PROBLEM DESCRIPTION:
There is material below. Print exactly the lines starting at the line with "Document Organiser Clear" and ending at the line with "lot 296 image: Glass Marbles", ends included, and no others.

DATASET EXCERPTS:
------------------------------------

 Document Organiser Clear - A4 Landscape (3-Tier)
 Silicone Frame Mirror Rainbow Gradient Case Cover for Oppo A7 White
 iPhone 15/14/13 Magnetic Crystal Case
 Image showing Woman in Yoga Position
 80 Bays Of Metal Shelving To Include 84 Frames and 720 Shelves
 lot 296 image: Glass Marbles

------------------------------------

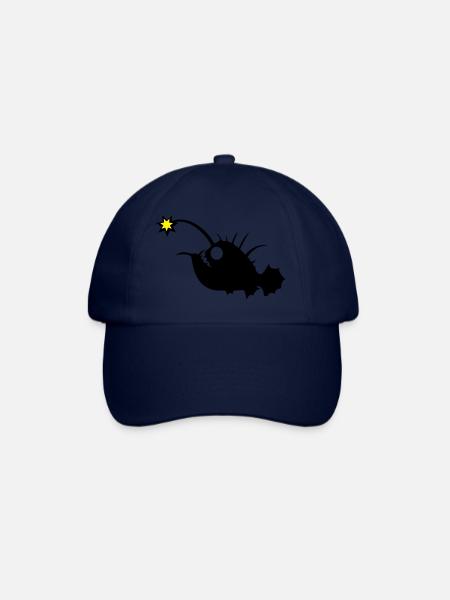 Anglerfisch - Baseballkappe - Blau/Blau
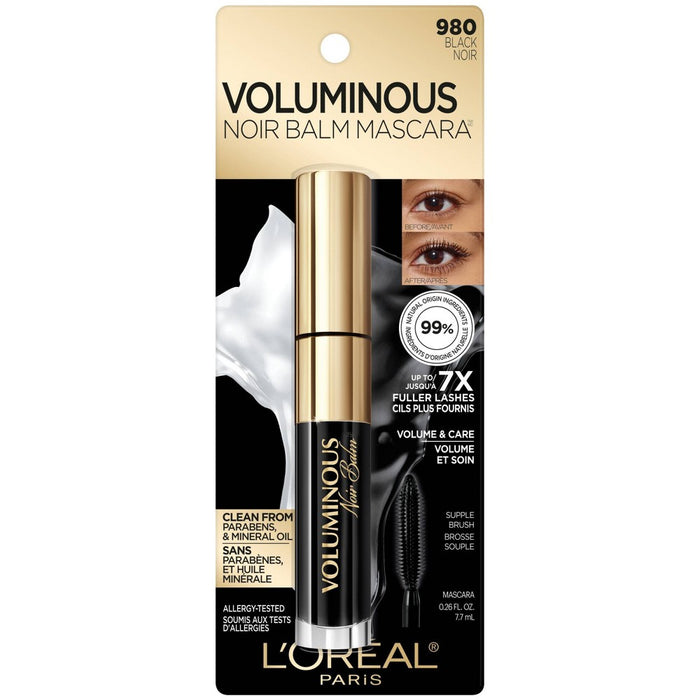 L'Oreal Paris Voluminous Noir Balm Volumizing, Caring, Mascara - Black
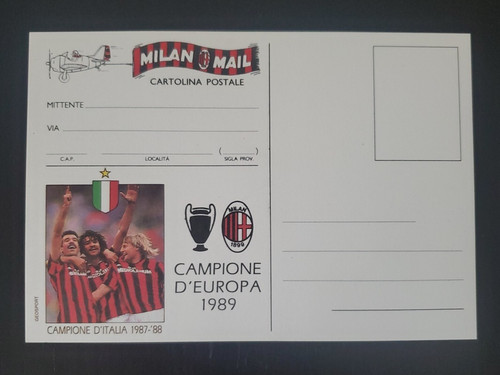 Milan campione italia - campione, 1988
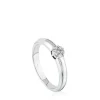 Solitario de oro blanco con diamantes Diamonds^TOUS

------------------------------------

WRITTEN ANSWER:
 Document Organiser Clear - A4 Landscape (3-Tier)
 Silicone Frame Mirror Rainbow Gradient Case Cover for Oppo A7 White
 iPhone 15/14/13 Magnetic Crystal Case
 Image showing Woman in Yoga Position
 80 Bays Of Metal Shelving To Include 84 Frames and 720 Shelves
 lot 296 image: Glass Marbles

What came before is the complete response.